> _GOAL OF THE EXERCISE_: Reproduce the listing below as it stands. Leave out each image.

> _EXERCISE DATA_:
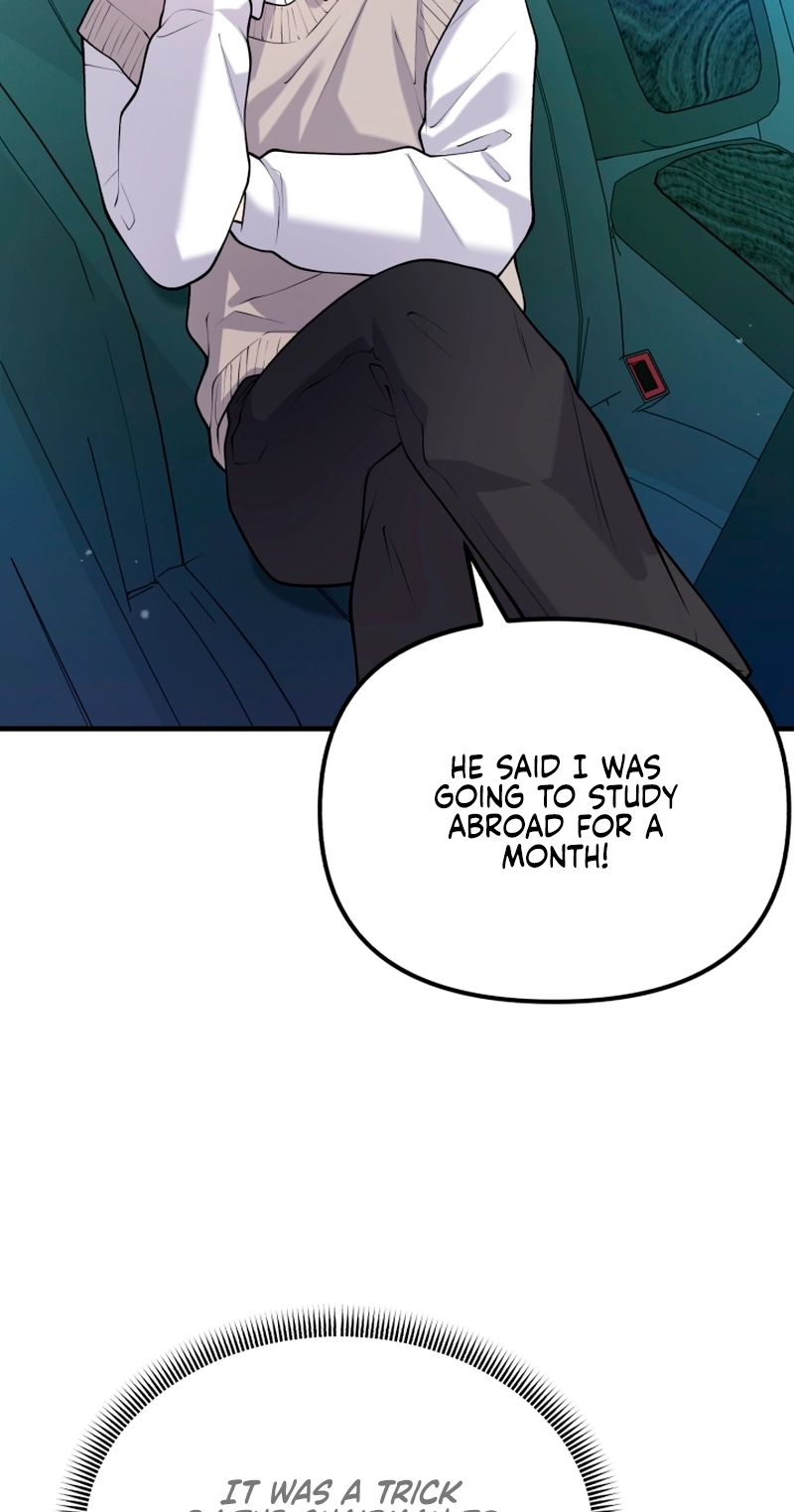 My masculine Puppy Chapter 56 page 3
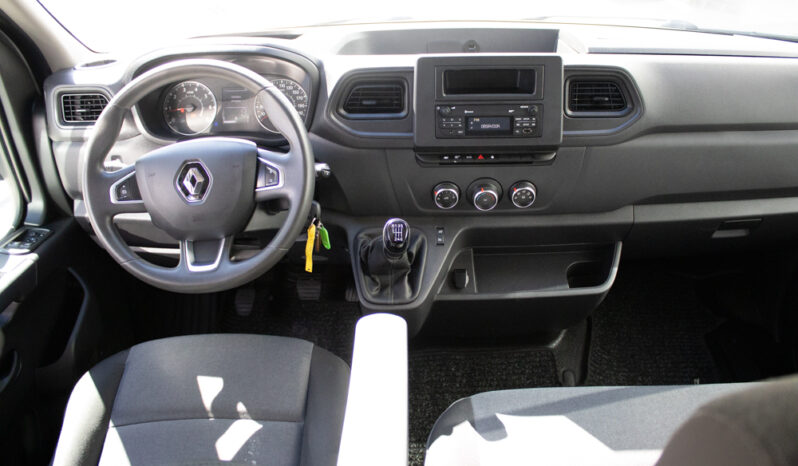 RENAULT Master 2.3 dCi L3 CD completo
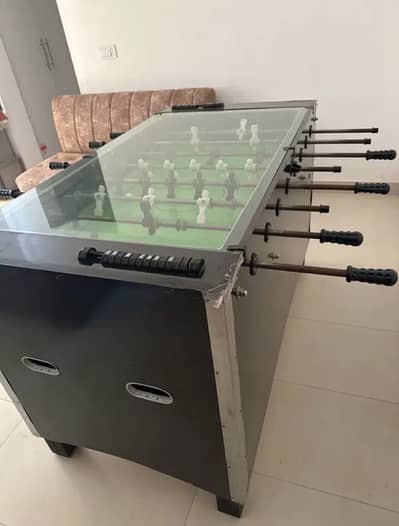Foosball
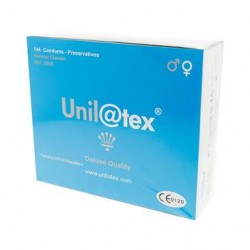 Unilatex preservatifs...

> _WRITTEN SOLUTION_:
 My masculine Puppy Chapter 56 page 3
 RENAULT Master 2.3 dCi L3 CD completo
Foosball
 Unilatex preservatifs...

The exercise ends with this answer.